#### [TO DO]
From the listing below, output the lines between the one with "Simple student-style dorm" and the one with "pink tea roses", including those two, and nothing else. Pictures are not copied.

#### [RECORDS PROVIDED]
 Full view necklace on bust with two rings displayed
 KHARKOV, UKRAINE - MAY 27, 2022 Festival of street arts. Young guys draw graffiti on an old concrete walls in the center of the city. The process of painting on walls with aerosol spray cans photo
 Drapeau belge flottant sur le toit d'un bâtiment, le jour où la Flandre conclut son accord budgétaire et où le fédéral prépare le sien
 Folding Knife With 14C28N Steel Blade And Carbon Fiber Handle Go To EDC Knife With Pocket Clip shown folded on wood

==

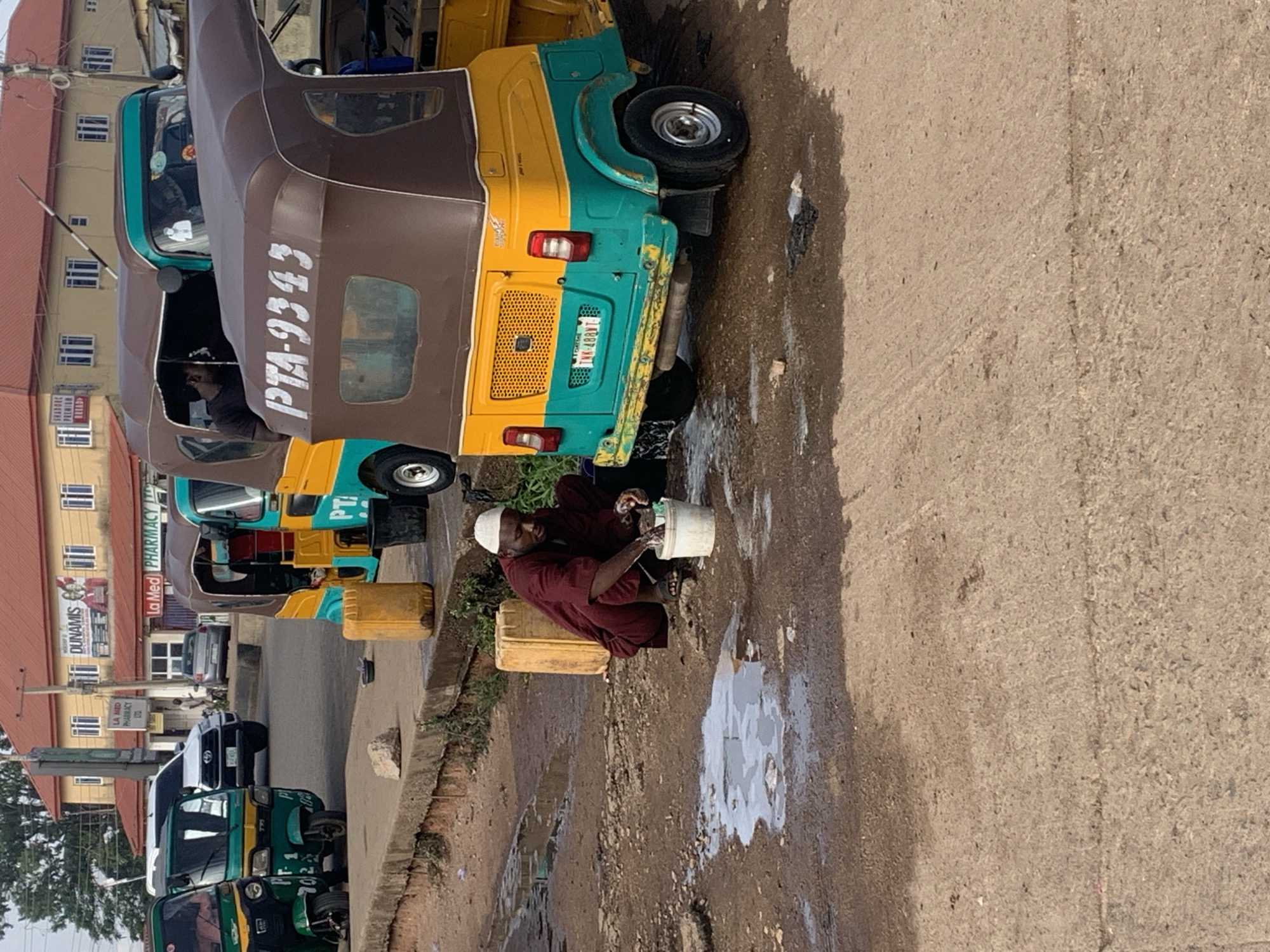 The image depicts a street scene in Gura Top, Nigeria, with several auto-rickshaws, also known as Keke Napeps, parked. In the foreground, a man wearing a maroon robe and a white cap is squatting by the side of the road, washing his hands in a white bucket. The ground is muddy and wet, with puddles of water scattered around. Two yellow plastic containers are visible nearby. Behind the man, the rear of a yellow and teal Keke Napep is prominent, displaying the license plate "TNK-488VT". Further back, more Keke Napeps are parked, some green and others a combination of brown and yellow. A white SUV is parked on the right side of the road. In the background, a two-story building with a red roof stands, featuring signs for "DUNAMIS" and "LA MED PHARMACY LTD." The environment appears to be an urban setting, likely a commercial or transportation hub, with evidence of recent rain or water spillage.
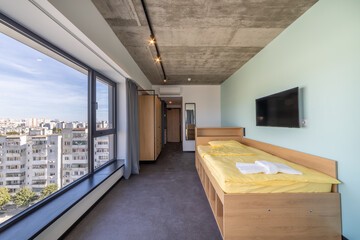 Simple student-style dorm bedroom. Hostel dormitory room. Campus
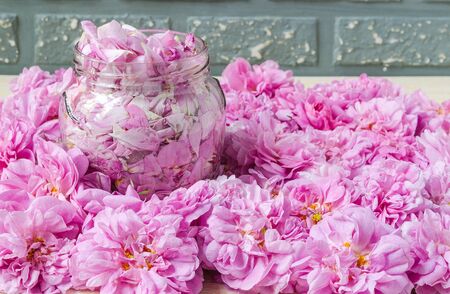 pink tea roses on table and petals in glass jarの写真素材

#### [WRITTEN RESPONSE]
 Simple student-style dorm bedroom. Hostel dormitory room. Campus
 pink tea roses on table and petals in glass jarの写真素材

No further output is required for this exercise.